The latter accommodated a maximum of 2,500 prisoners, including a majority of "common law" that we did not want to leave in nature.

We can compare this figure to the 500,000 arrests and 20,000 executions of the hot years of the Revolution.

The latter can hardly serve as a counter-example in the matter, which the revolutionary Mathieu Dumas, who became a State Councilor, summed up thus:

"[Bonaparte] did not attack freedom, since it no longer existed".

1807, Friedland

, by Ernest Meissonier, circa 1861-1875 (New York, The Metropolitan Museum of Art).

© Gift of Henry Hilton, 1887 / The Metropolitan Museum of Art / CC0

3 - The Unscrupulous Conqueror

Napoleon certainly had immense ambition and was not afraid of war.

However, its foreign policy cannot be understood without considering the geopolitics inherited from past centuries.
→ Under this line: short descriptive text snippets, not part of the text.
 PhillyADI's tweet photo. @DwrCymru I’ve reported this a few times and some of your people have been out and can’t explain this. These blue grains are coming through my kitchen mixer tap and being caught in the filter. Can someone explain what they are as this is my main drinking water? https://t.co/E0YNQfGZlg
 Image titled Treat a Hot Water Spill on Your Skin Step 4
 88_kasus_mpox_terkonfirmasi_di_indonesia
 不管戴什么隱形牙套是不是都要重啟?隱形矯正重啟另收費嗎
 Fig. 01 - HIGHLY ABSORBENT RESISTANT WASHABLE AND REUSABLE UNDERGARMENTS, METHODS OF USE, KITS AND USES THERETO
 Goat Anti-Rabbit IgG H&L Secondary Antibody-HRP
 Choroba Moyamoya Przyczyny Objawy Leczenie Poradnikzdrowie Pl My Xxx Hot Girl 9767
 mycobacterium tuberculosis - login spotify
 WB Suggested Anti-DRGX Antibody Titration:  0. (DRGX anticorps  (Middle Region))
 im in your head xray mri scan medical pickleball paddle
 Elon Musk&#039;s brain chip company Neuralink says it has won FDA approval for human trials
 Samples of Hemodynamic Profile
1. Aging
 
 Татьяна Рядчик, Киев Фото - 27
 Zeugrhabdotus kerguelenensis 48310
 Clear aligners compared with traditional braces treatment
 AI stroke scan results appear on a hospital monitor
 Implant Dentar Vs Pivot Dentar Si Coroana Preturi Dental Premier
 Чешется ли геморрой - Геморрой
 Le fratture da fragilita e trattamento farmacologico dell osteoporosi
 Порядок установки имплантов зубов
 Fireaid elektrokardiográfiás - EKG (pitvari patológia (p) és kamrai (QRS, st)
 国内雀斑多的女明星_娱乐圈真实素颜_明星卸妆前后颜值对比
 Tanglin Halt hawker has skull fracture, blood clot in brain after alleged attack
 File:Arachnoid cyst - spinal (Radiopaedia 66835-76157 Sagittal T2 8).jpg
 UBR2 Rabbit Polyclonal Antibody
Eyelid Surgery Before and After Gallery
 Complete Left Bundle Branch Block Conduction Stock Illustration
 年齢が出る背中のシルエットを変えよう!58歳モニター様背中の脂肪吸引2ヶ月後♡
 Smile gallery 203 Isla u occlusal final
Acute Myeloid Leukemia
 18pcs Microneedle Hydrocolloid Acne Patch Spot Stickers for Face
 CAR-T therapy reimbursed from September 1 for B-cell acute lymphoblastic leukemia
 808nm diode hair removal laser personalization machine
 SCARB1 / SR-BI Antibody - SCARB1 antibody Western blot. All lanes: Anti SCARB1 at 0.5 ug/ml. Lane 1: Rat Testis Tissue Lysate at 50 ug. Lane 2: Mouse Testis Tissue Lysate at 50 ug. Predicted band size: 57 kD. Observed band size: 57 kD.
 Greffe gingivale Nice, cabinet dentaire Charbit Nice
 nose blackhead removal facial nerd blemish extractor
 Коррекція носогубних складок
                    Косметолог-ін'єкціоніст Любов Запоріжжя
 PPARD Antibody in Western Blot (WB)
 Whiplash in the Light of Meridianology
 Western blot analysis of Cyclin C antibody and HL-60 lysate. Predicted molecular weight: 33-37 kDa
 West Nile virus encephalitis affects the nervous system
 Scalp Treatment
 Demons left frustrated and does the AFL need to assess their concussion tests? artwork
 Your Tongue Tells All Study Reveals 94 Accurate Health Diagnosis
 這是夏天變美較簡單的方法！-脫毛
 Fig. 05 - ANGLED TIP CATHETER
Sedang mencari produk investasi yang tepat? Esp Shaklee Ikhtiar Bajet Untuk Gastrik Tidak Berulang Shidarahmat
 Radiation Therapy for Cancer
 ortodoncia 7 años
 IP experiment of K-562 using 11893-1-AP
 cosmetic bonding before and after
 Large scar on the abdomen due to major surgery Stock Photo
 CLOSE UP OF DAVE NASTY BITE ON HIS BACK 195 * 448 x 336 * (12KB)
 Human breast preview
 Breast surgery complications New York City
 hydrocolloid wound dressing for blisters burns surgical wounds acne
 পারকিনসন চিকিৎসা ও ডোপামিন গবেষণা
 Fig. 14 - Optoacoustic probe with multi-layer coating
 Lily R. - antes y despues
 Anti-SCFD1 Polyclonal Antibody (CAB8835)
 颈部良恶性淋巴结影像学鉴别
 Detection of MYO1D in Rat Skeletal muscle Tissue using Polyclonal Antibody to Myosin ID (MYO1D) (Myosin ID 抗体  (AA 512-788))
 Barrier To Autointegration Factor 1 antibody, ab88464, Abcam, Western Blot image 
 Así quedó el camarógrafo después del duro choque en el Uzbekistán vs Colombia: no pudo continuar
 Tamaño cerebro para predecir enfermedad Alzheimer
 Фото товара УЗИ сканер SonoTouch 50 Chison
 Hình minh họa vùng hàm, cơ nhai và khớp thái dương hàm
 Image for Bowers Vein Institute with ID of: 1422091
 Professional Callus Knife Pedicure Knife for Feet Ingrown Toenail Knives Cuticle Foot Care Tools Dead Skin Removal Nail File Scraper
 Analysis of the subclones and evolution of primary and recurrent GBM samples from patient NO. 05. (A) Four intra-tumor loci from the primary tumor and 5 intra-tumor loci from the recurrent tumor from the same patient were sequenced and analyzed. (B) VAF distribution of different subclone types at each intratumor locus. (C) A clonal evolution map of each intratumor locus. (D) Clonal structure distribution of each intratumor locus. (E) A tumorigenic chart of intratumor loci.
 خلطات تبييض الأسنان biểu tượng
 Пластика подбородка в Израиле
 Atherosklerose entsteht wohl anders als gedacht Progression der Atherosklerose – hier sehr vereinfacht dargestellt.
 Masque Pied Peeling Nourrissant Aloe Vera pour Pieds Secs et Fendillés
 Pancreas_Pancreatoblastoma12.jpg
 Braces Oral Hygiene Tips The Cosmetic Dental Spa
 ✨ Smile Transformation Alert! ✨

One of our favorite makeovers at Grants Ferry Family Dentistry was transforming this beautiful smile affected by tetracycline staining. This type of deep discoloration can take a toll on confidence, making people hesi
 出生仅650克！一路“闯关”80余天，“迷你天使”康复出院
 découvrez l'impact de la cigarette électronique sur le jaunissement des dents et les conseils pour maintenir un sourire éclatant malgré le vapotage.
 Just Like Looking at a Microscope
He was the continuator of the wars of the Revolution, of course, but also of diplomatic traditions aimed at ensuring French preponderance in Europe, dating back to the reign of Louis XIV.

The continent was not, moreover, divided between the “pro” and the “anti-” Napoleon, otherwise, we would not have had to wait until the fall of 1813 for a general coalition to be formed against him.

Before that, the continental powers had come to terms with French preponderance and tried to derive as much benefit from it as possible.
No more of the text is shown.